_Required work_
Of the records that follow, copy only the lines from the line containing "Rain-streaked glass obscures" to the line containing "Delicate Botanical Ii", both included, exactly as written.

_Data for analysis_

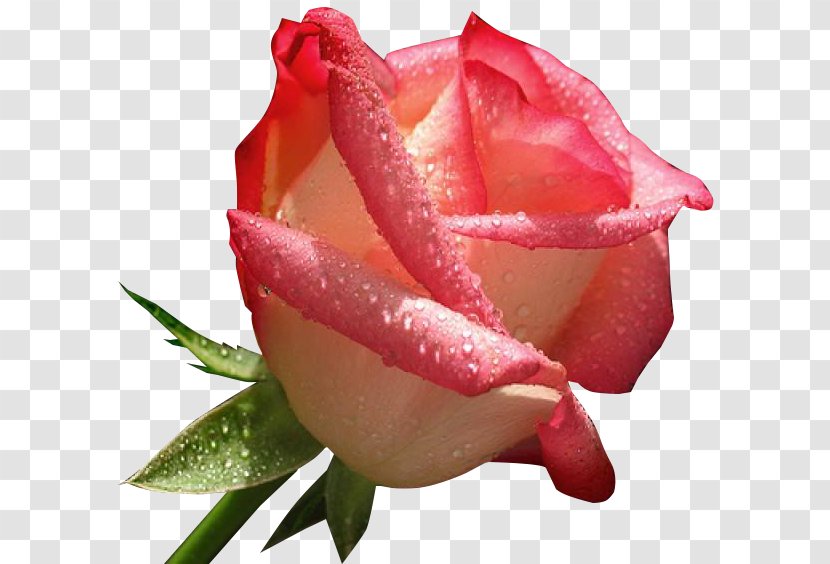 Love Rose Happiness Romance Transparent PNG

* * *

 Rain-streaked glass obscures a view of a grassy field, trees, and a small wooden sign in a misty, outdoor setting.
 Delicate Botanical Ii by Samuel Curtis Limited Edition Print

_Result of this task_
 Rain-streaked glass obscures a view of a grassy field, trees, and a small wooden sign in a misty, outdoor setting.
 Delicate Botanical Ii by Samuel Curtis Limited Edition Print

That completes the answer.